Data import (migration) and export remains a challenge. Each tenant is configured for the unique needs of a firm, and thus the data structure design is unique. This means there is no straight-forward capability to bring data in, or send it out to another product. Increasingly, however, Filevine has put resources and innovation into this effort by offering additional services including express migrations for certain smaller firms, third-party migration support, and expedited processing.
Risk Assessment
At this stage our team established that Filevine’s operations reduce risks to firms running on-premise case management software. The information we gathered in our research suggests that Filevine has ample data protections to safeguard the confidentiality of information from unauthorized access, sufficient auditing and logging trail to forensically review and respond to integrity issues, and sufficiently designed infrastructure to support a 99.5% availability promise. While each firm must make their own decision, we it is our belief that Filevine purports to be a “leader in legal technology” and acts in a way that supports this claim.

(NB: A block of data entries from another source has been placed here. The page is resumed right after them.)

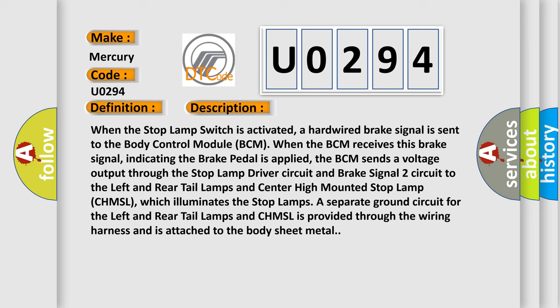A separate ground circuit for the left and rear tail lamps and CHMSL is provided through the wiring harness and is attached to the body sheet metal.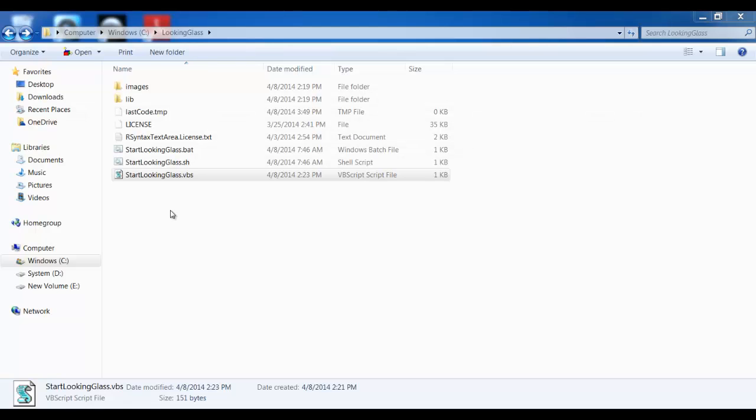Just as in the previous version of Looking Glass, make sure you have Java 1.7 installed, unzip into any Looking Glass directory you want, and double-click on the Start Looking Glass VBS file.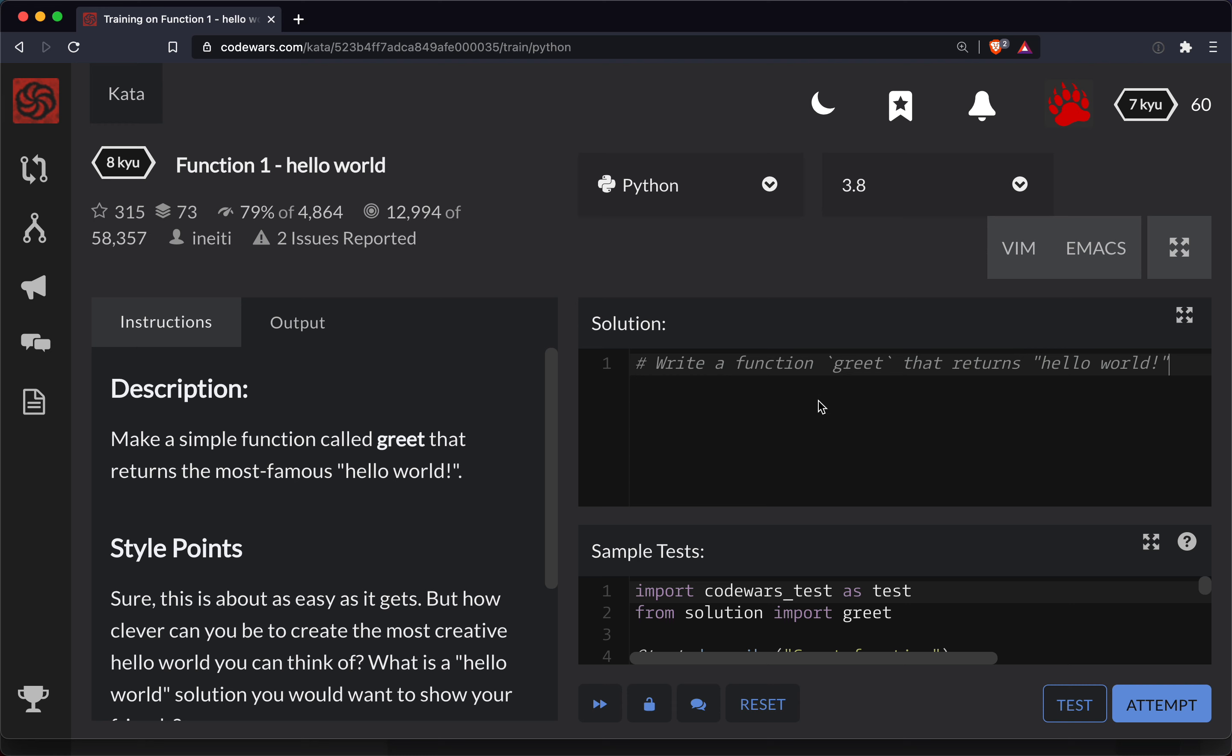Okay, so we got to do the whole thing here it looks like. So we're gonna go def greet. We're not gonna put anything in the parentheses.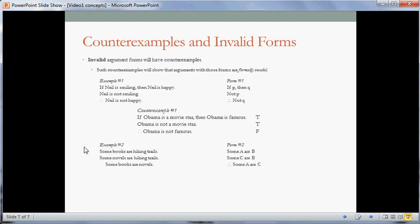Here's one in predicate logic — an example from the chart previously. Some books are hiking trails; some novels are hiking trails; therefore some books are novels. That conclusion is true, but this argument is invalid, so the premises provide no reason at all to believe the conclusion. The form leaves the logical word 'some' in, with A for books, B for hiking trails, and C for novels. I invite you to pause the video and try to come up with a counterexample to this argument.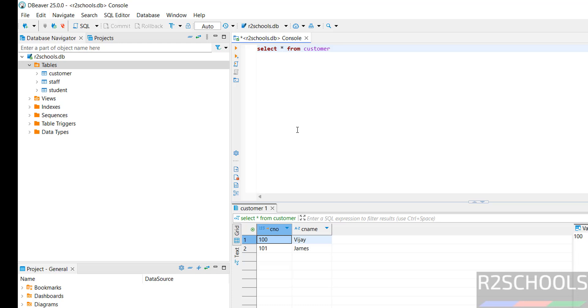So in this video, we have seen how to download and install DBeaver 25 on Windows operating systems. Then we have seen how to connect PostgreSQL, MySQL, and SQLite from DBeaver. For more database tutorials, please subscribe my channel. Thank you.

Based on our five-point review, the only recommendation we can make to Filevine indirectly is to continue applying pressure to develop technical documentation. Having worked with exceptional technical writers and seeing the product that such efforts yield, we believe that there is more to be done on that front.
When law firms ask our team “is Filevine secure?” we will answer it with confidence, in the same manner we would about any other SaaS solution. First, we will recoil at the question. Second, we will attempt to explain the impossibility of that question and the frustration that comes with it being asked. Finally, we will point them to Bento Assurance HQ and show them the vendor assessment and this blog as a justification.